Sin olvidar la proliferación de un individualismo feroz que degrada al otro en favor del beneficio del yo. O el darwinismo social que invita a pensar que existe una selección natural entre las personas que permite que unas dominen a otras.
Pero resulta especialmente preocupante el carácter hereditario de la violencia cultural, dando pie a que los odios y desprecios pasen de una generación a la siguiente: entre familias, entre municipios, entre clubes deportivos o entre ideologías políticas. Y, a más a más, donde la violencia de unos fomenta la violencia de otros, pretendiendo legitimar la trasmutación social de víctimas a victimarios. Y así, asistimos a la violencia entre grupos de escolares, de seguidores deportivos, de fans musicales, que no tienen nada que les llame al enfrentamiento, más allá de la mera pertenencia a uno u otro grupo.
Es por ello que tenemos que levantar la voz contra todo tipo de violencia, pero especialmente contra la violencia cultural, que vemos cómo día a día no solo se justifica, sino que se impulsa desde grupos sociales carentes de ningún tipo de ética, pero también desde instituciones públicas y gobiernos aparentemente democráticos.

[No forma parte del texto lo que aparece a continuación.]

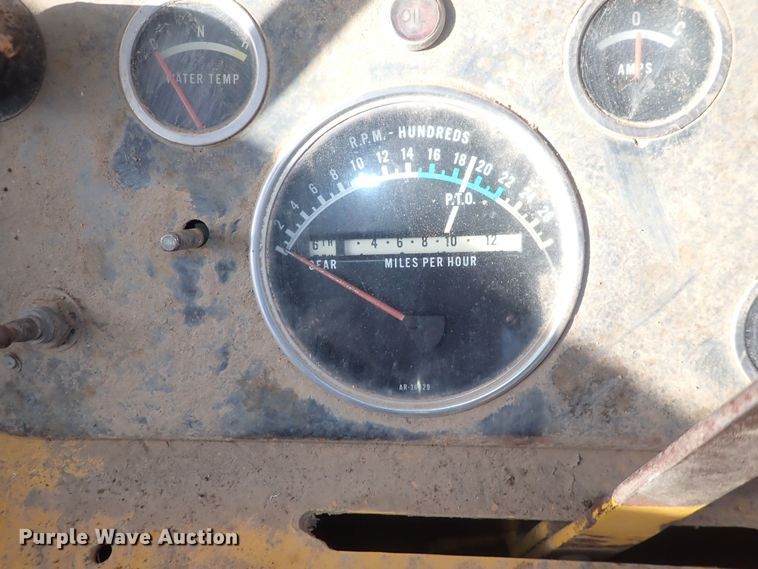 image for item DQ3899 John Deere 760  conventional scraper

Ante nosotros, sin ningún tipo de pudor, vemos cómo los grupos culturales o religiosos que han sufrido la tortura, el hambre y la muerte de muchos de sus seres inocentes infringen sin piedad la tortura, el hambre y la muerte a otros seres tan inocentes como ellos, pero ahora mucho más débiles. Una violencia que en Gaza está alcanzando cotas de inhumanidad sin precedentes en la historia contemporánea.
No somos violentos por naturaleza, pero sí somos todos víctimas de la violencia. Tan sólo el respeto, la empatía y la cultura, nos permitirán alejar la violencia de nuestras vidas, de nuestras instituciones y, en definitiva, de nuestra sociedad. Es hora de volver a la palabra como herramienta de resolución de los conflictos, y como argamasa de construcción, entre todos, de un mundo mucho más humano.